The economic upturn after World War II was largely fueled by the primary energy source coal that was mainly produced domestically. While the need for energy, especially in the Japanese iron and steel industry, was growing stronger, there was a shift towards the cheaper oil. Having exhausted its small oil reserves quickly, the resource was extensively imported from overseas, predominantly from the Middle East. The dependency on imported fossil fuels, however, created economic and diplomatic vulnerabilities. The oil crisis of the 1970s, for example, affected the Japanese economy severely, leading to energy security being a central concern for the Japanese ever since.
Efforts to secure the resource supply consisted of diversifying the energy mix by promoting nuclear power and renewable energy. Supported by the government, the former expanded strongly in the 1970s and 80s, reaching an almost 30 percent share of the total electricity output in Japan. Fukushima Daiichi nuclear disaster in 2011, however, put an end to the rise in nuclear power and was another setback in Japan’s energy policy.
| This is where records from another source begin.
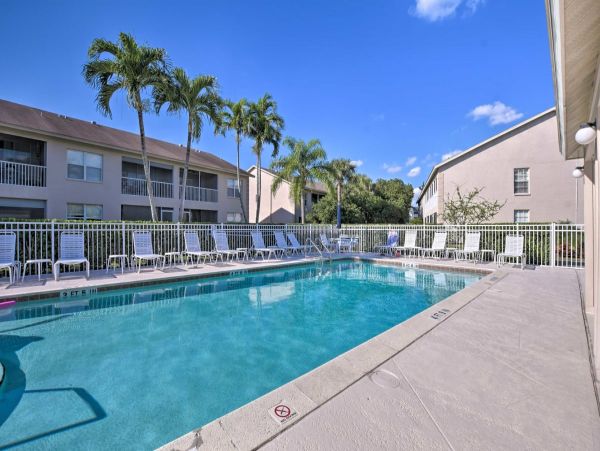 Coastal Vacation Rental in Naples 2 Bedrooms Walk To Beach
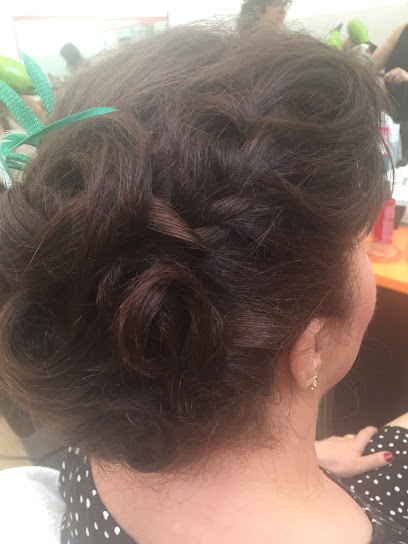 Yeneva | Peluqueria en Argés / Toledo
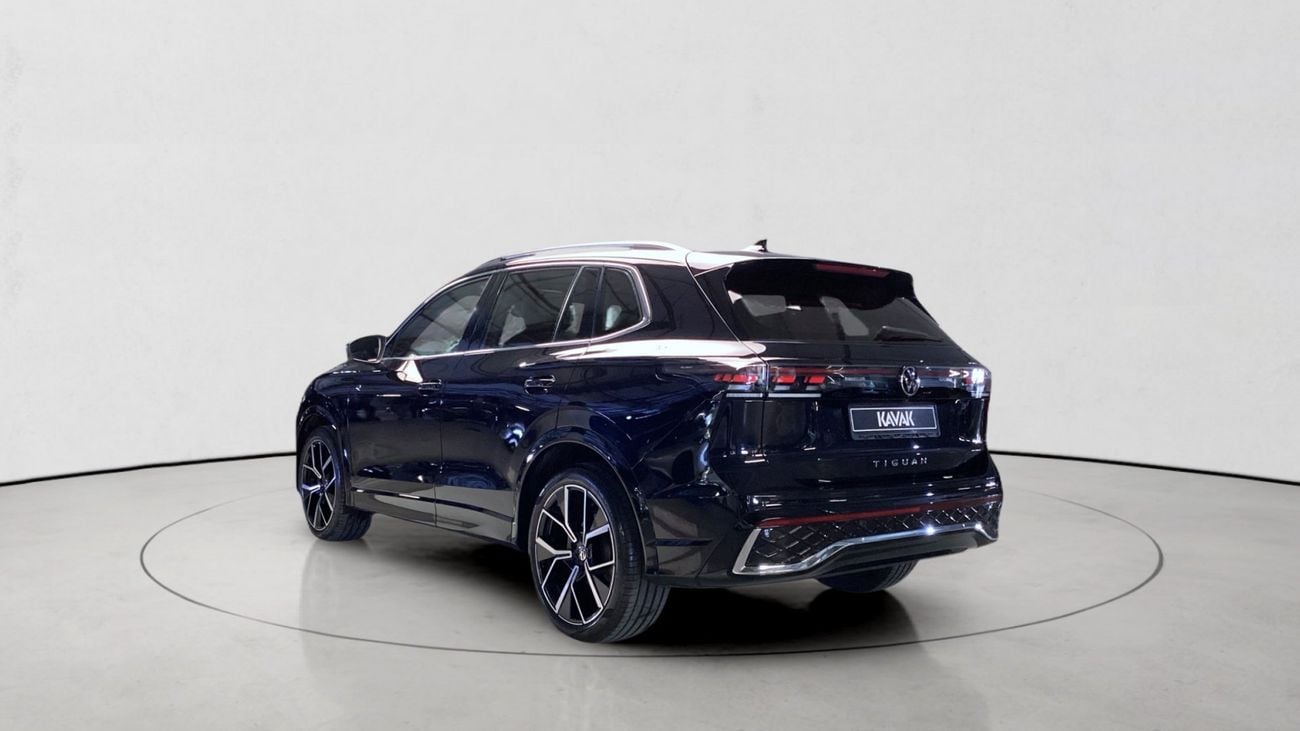 فولكس واجن تيجوان R-Line | شامل الضمان | 0 ﺪﻔﻋﺓ ﺃﻮﻟﻯ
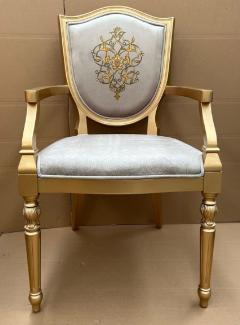 Casa Padrino Luxus Art Deco Esszimmer Stuhl Grau / Gold - Eleganter Massivholz Stuhl mit Armlehnen - Art Deco Esszimmer Möbel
Having to switch off all domestic nuclear reactors, the country was once again forced to import larger amounts of oil and gas. The energy self-sufficiency ratio fell from around 20 percent in 2010 to six percent in 2014.
Besides energy security, environment is another major issue Japan has to deal with. In order to meet the 2015 Paris climate agreement goals, the government has put an emphasis on renewables courting private investments in the sector. Consequently, the share of renewable energy in primary energy supply close to doubled from around 4.6 percent in fiscal year 2015 to approximately 8.7 percent in fiscal 2018. The generating capacity of renewables in the country rose alongside, with solar power accounting for the largest share. However, the large-scale installation of solar panels requires deforestation that has recently provoked criticism, questioning the environmental sustainability of solar power projects, proving once more the hardship and the ongoing actuality of the Japanese challenge to manage the balancing act of securing energy and reducing emissions.